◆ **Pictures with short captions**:
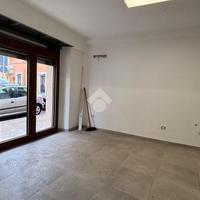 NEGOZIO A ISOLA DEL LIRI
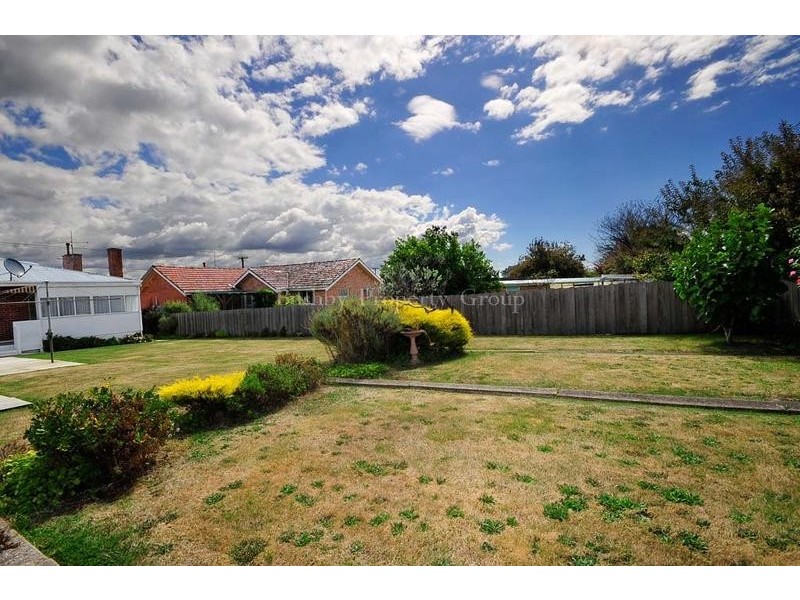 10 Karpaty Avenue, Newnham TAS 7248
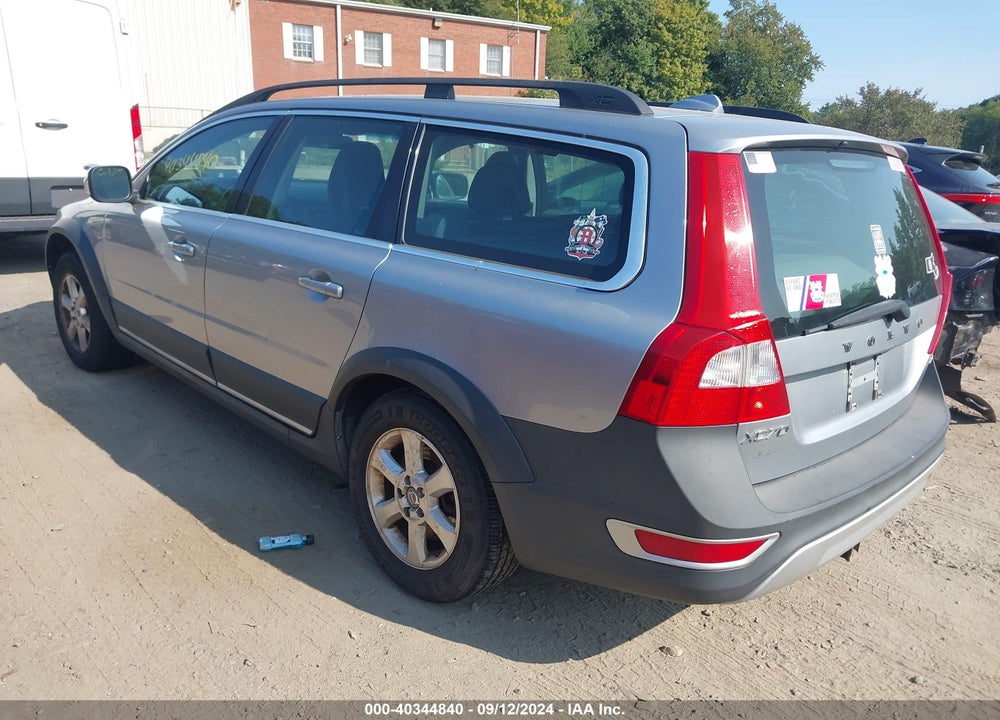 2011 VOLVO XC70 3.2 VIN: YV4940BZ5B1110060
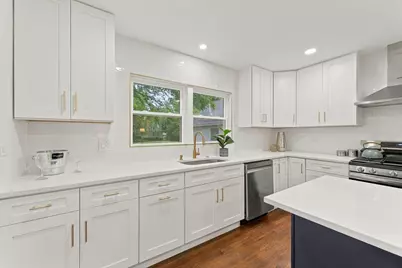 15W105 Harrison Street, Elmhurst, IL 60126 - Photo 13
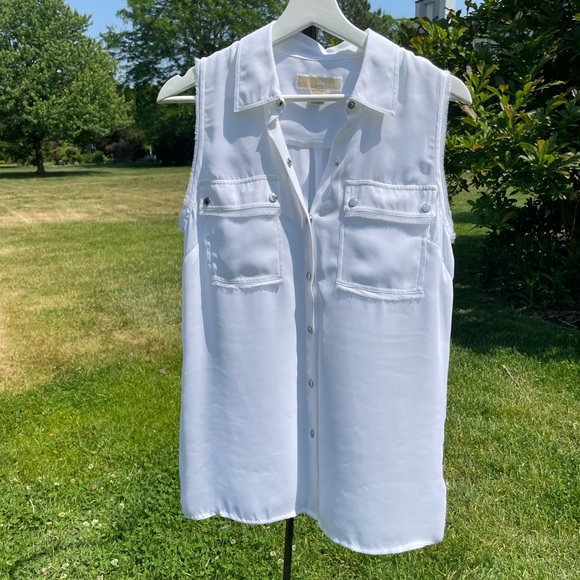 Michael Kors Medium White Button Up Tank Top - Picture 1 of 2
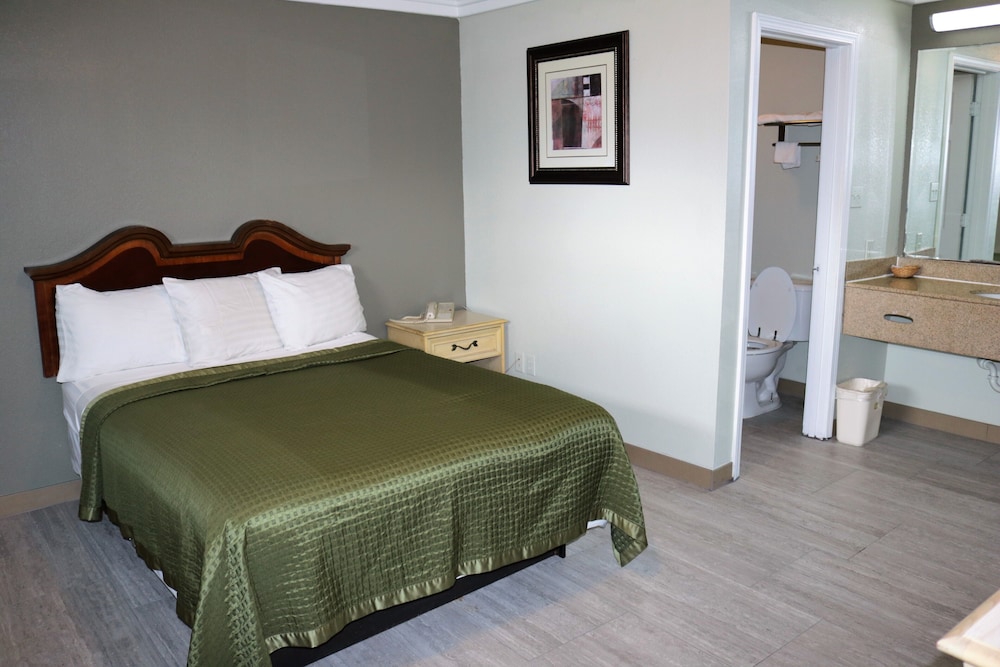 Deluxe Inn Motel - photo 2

◆ **Task item**: Please set down exactly the lines from the one holding "Michael Kors Medium" through the last line of the entries, both ends included, and skip pictures.

◆ **Solution to the problem**:
 Michael Kors Medium White Button Up Tank Top - Picture 1 of 2
 Deluxe Inn Motel - photo 2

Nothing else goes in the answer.